Datatypes, ComSci 221, U. Chicago

Datatypes in Procedural Languages

Lecture Notes for Com Sci 221, Programming Languages

Last modified: Mon Nov 1 10:37:04 CST 1999

Start Wednesay 20 October 1999

Strategic Overview

Chapter 4 in the text covers the nuts and bolts of this topic very well. You need to read it especially carefully. I will concentrate on odd points of view, and on ideas that connect the material in Chapter 4 with later material in Chapters 9 and 14, and with material that goes beyond the text. These notes were written rather hurriedly, and are probably not as clean as earlier sections.

Multiple Concepts of ``Type''

The word ``type'' is one of many words that is used in different, but related, ways by those who study programming languages. These uses of ``type'' all start with a pre-CS mathematical notion of type from set theory. But, the computational objects associated with types in programming languages have qualities that don't arise in the normal study of set theory, and the original idea of type has been extended in several different ways to deal with them. Actually, mathematics and logic had already used ``type'' in somewhat different ways in different contexts, but programming languages introduced differences in new dimensions.

Set-theoretic types

The simplest concept of type derives directly from set theory. It is insufficient for the full understanding of most uses of types in programming languages. But, all concepts of type relate back to set theory in some way, so it is a good starting point.

I made up the following definition. I think it's a good one, but it's not standard in the literature.

set-theoretic type: a set of values intended to include precisely those values that might be associated with a particular variable in a program.

The important set-theoretic types in procedural programming languages include

basic types: predefined types that may be used without special declaration---values of basic types usually fit in a single machine word, are usually thought of as units rather than structures built up of other units, and are usually intended to have intuitive meanings to those with a mathematical background
defined types: types built up from basic types using type-constructing operations---defined types are usually introduced by a special type declaration, and their values are usually thought of as structures comprising values of their component types in some way

Most types in procedural programming languages of today may be understood naturally in terms of the basic types integer, floating-point, boolean, and character, plus the type constructing operations enumeration, cross product, marked union, function, and power set.
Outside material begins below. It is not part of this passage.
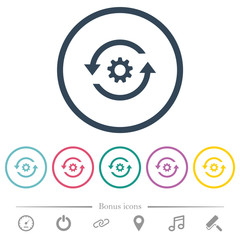 Fototapeta premium Refresh settings flat color icons in round outlines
An enumeration set is a finite set described by listing all of its values, for example {a, b, c, d} describes the set containing exactly a, b, c, and d.
The cross product of sets A and B is written AxB. It contains all of the ordered pairs whose first element is in A and whose second element is in B.
The marked union of sets A and B is written A+B. It contains the elements of A marked in a uniform way, and the elements of B marked in another uniform way, different from the markings of elements of A. Marked union is often called ``disjoint union.'' This term is misleading, since it suggests that A and B are required to be disjoint (i.e., to have no member in common). On the contrary, the same value may be a member of both A and B, and in that case it produces two different values in A+B, one with each of the two marks.
The function space from set A to set B is written A->B (and in many math books B to the power A). It contains all of the functions that map each element of A to a unique element of B.
The power set of set A is written P(A) (and in many math books 2 to the power A). It contains all of the subsets of A, including the empty set and the set A itself.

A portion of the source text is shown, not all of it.